Wednesday, April 15, 2015

Few esquires came to the capital thrice in their lives

From The History of England, from the Accession of James II.

England in the 1600s was plagued with poor or non-existent internal roads and other means of transportation. Macaulay has a wonderful description of the country lord coming to town in an age when travel was so circumscribed.
These gregarious habits had no small share in forming the character of the Londoner of that age. He was, indeed, a different being from the rustic Englishman. There was not then the intercourse which now exists between the two classes. Only very great men were in the habit of dividing the year between town and country. Few esquires came to the capital thrice in their lives. Nor was it yet the practice of all citizens in easy circumstances to breathe the fresh air of the fields and woods during some weeks of every summer. A cockney, in a rural village, was stared at as much as if he had intruded into a Kraal of Hottentots. On the other hand, when the lord of a Lincolnshire or Shropshire manor appeared in Fleet Street, he was as easily distinguished from the resident population as a Turk or a Lascar. His dress, his gait, his accent, the manner in which he gazed at the shops, stumbled into the gutters, ran against the porters, and stood under the waterspouts, marked him out as an excellent subject for the operations of swindlers and barterers. Bullies jostled him into the kennel. Hackney coachmen splashed him from head to foot. Thieves explored with perfect security the huge pockets of his horseman's coat, while he stood entranced by the splendour of the Lord Mayor's show. Moneydroppers, sore from the cart's tail, introduced themselves to him, and appeared to him the most honest friendly gentlemen that he had ever seen. Painted women, the refuse of Lewkner Lane and Whetstone Park, passed themselves on him for countesses and maids of honour. If he asked his way to Saint James's, his informants sent him to Mile End. If he went into a shop, he was instantly discerned to be a fit purchaser of everything that nobody else would buy, of second-hand embroidery, copper rings, and watches that would not go. If he rambled into any fashionable coffee house, he became a mark for the insolent derision of fops and the grave waggery of Templars. Enraged and mortified, he soon returned to his mansion, and there, in the homage of his tenants and the conversation of his boon companions, found consolation for the vexatious and humiliations which he had undergone. There he was once more a great man, and saw nothing above himself except when at the assizes he took his seat on the bench near the Judge, or when at the muster of the militia he saluted the Lord Lieutenant.

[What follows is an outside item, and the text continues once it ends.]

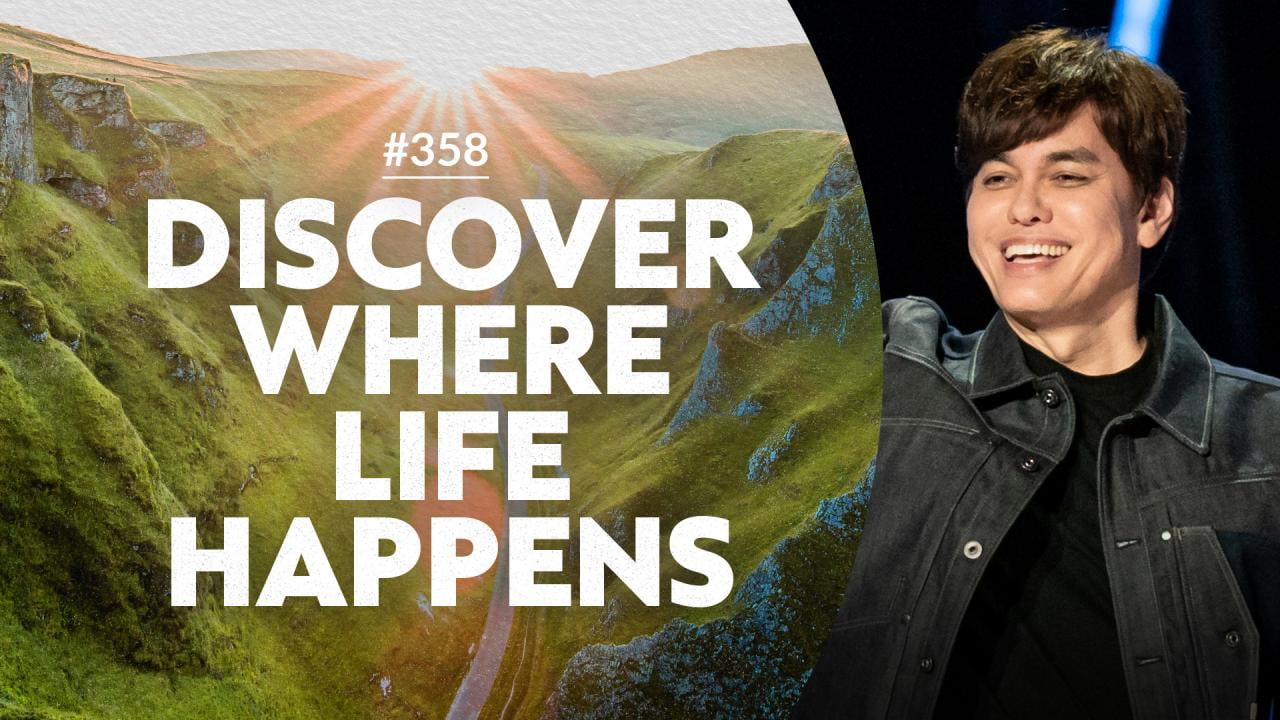 #358 - Joseph Prince - Discover Where Life Happens - Highlights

A money-dropper? From a Dictionary of Slang and Unconventional English by Eric Partridge:
Money-dropper A swindler who, dropping counterfeit money, gets good change from some 'flat': c.: 1748 (Smollett); Grose, 2nd ed.
From Cassell's Dictionary of Slang by Jonathon Green.
Gold-dropper n. (also dropper, money-dropper)(late 17C-19C) (UK Und.) a rogue who specializes in dropping something supposedly valuable where it will be found by a potential victim, who is either lured into a game or persuaded to buy the "valuable", while the con-man claims that although they should, by rights, share the profits, he will sell his share and let the victim have the whole benefit; alternately the victim is introduced to some of the sharp's friends, who propose a game of cards or dice, in which they rob him.
So basically the 17th century London equivalent of the modern Nigerian Prince email scam.